= What you have to do =
From the line with "Profession de foi 2008 0037.JPG" to the end of the data below, restate each line word for word, both ends included, without the pictures.
[Data supplied]
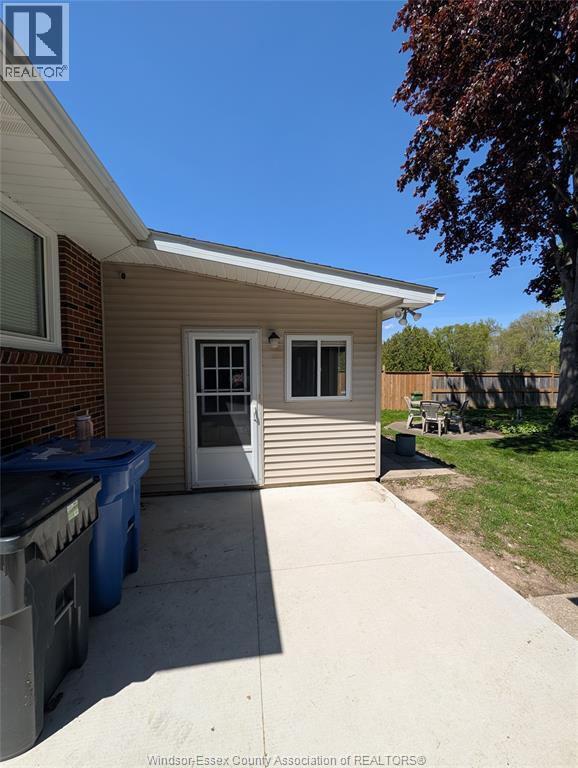 Photo - 2990 Pillette Rd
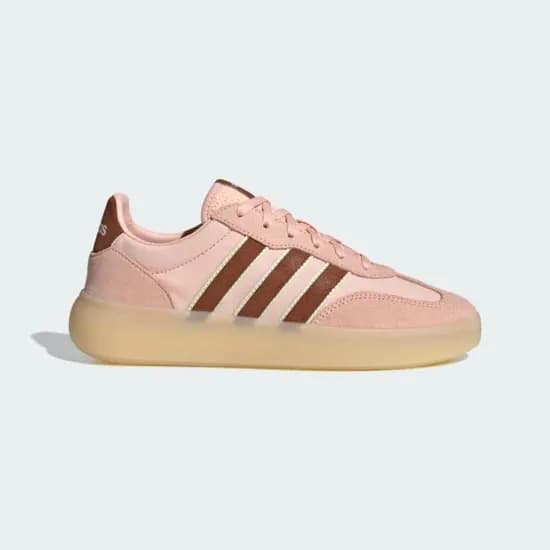 Tênis Adidas Barreda Decode Casual Feminino
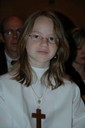 Profession de foi 2008 0037.JPG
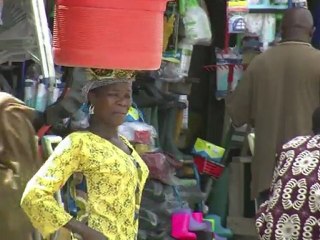 تصاعد التوتر الطائفي في نيجيريا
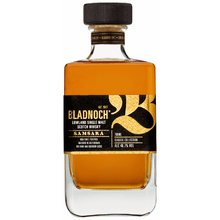 Bladnoch Samsara Single Malt Scotch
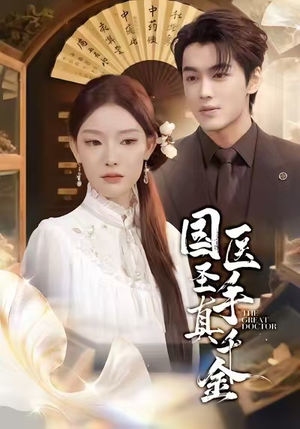国医圣手真千金（71集）全集免费观看的短剧资源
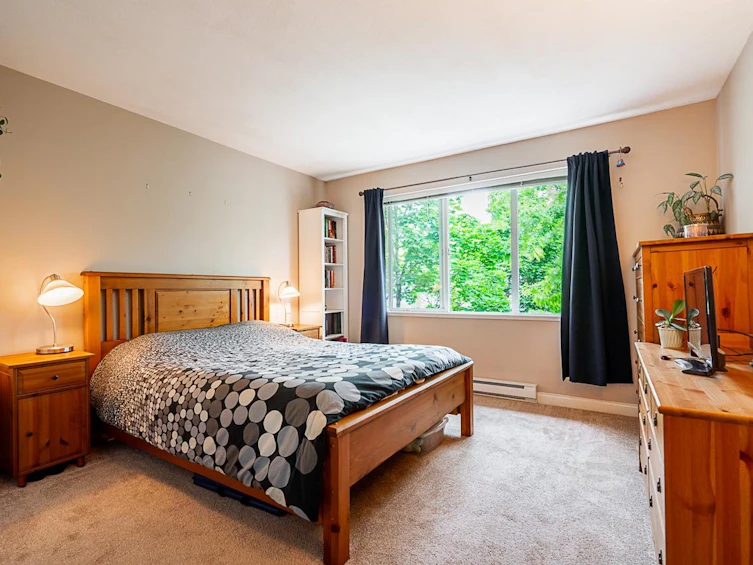 45-16388 85 Avenue, Surrey, BC, V4N 5G2 - 18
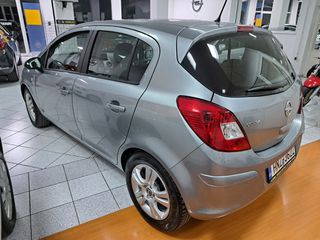 Opel Corsa 2012 1.3 CDTI ECOFLEX START&STOP-2 ΧΡΟΝΙΑ ΕΓΓΥΗΣΗ-thumb-46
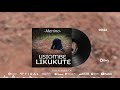 menina usiombe likukute official audio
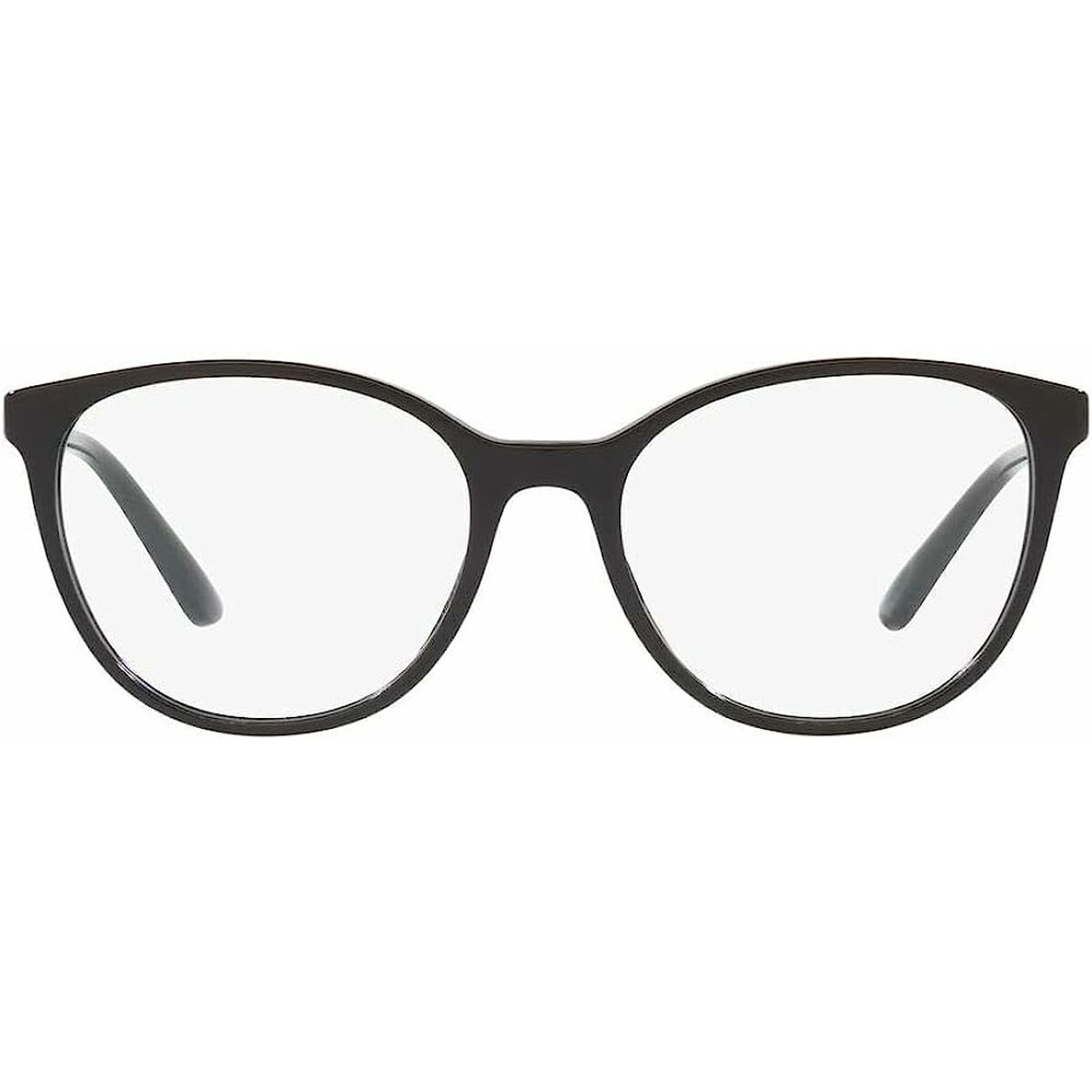 Glasögonbågar Dolce & Gabbana DG 3363 - 2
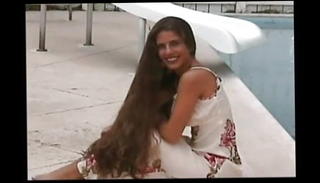 Video 276830901: hairy straight, hairy 18 year old, super hairy, long hairy, haired hairy, hairy brunette, hairy blonde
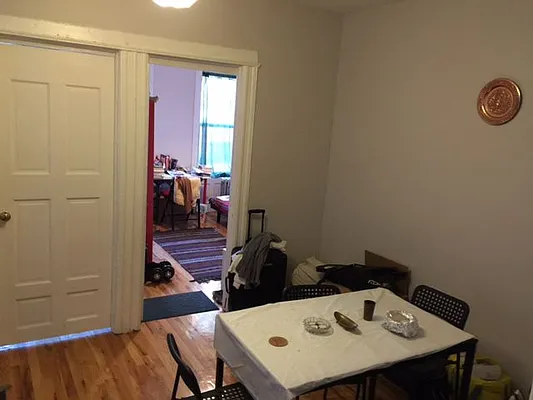 Rented by Signature Property Realty | media 50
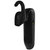 捷波朗（Jabra） BOOST G 蓝牙耳机 商务通话  通用型 耳挂式 黑色第3张高清大图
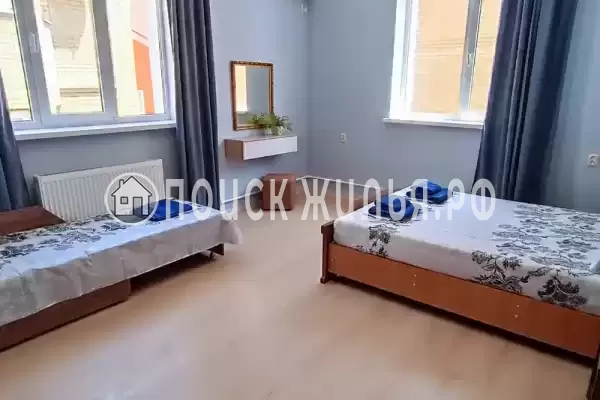 «Руслан» «Руслан»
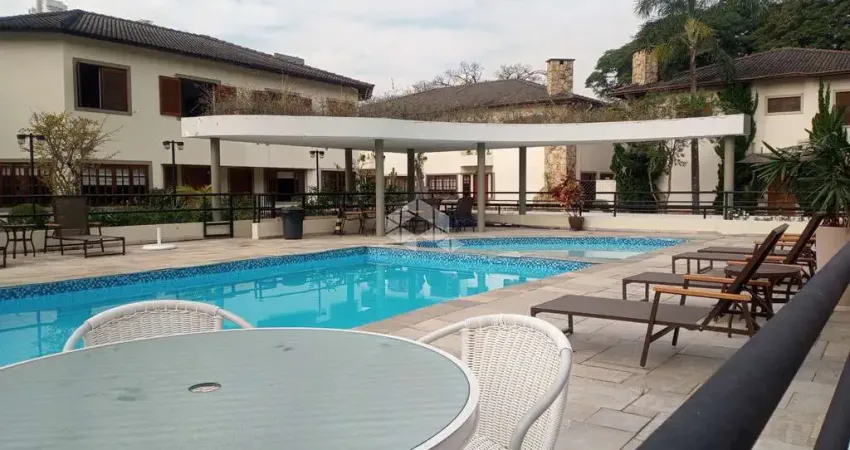 Casa em condomíno à venda com 5 quartos (3 suítes) 5 banheiros 3 vagas churrasqueira piscina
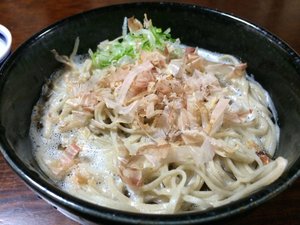 料理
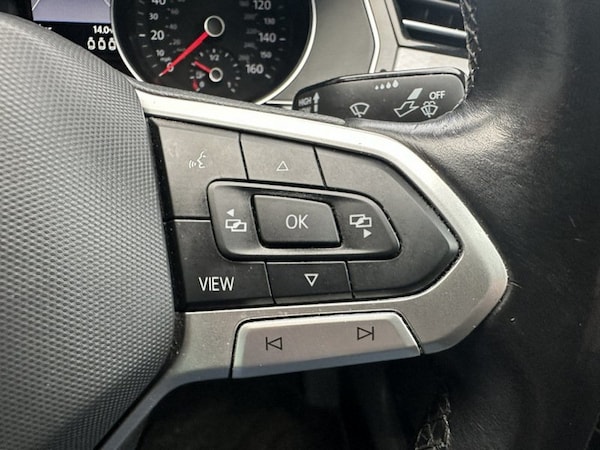 Used Volkswagen Passat 2020 for sale - 76245537: Photo 19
[/Data supplied]
= Response =
 Profession de foi 2008 0037.JPG
 تصاعد التوتر الطائفي في نيجيريا
 Bladnoch Samsara Single Malt Scotch
国医圣手真千金（71集）全集免费观看的短剧资源
 45-16388 85 Avenue, Surrey, BC, V4N 5G2 - 18
 Opel Corsa 2012 1.3 CDTI ECOFLEX START&STOP-2 ΧΡΟΝΙΑ ΕΓΓΥΗΣΗ-thumb-46
 menina usiombe likukute official audio
 Glasögonbågar Dolce & Gabbana DG 3363 - 2
 Video 276830901: hairy straight, hairy 18 year old, super hairy, long hairy, haired hairy, hairy brunette, hairy blonde
 Rented by Signature Property Realty | media 50
 捷波朗（Jabra） BOOST G 蓝牙耳机 商务通话  通用型 耳挂式 黑色第3张高清大图
 «Руслан» «Руслан»
 Casa em condomíno à venda com 5 quartos (3 suítes) 5 banheiros 3 vagas churrasqueira piscina
 料理
 Used Volkswagen Passat 2020 for sale - 76245537: Photo 19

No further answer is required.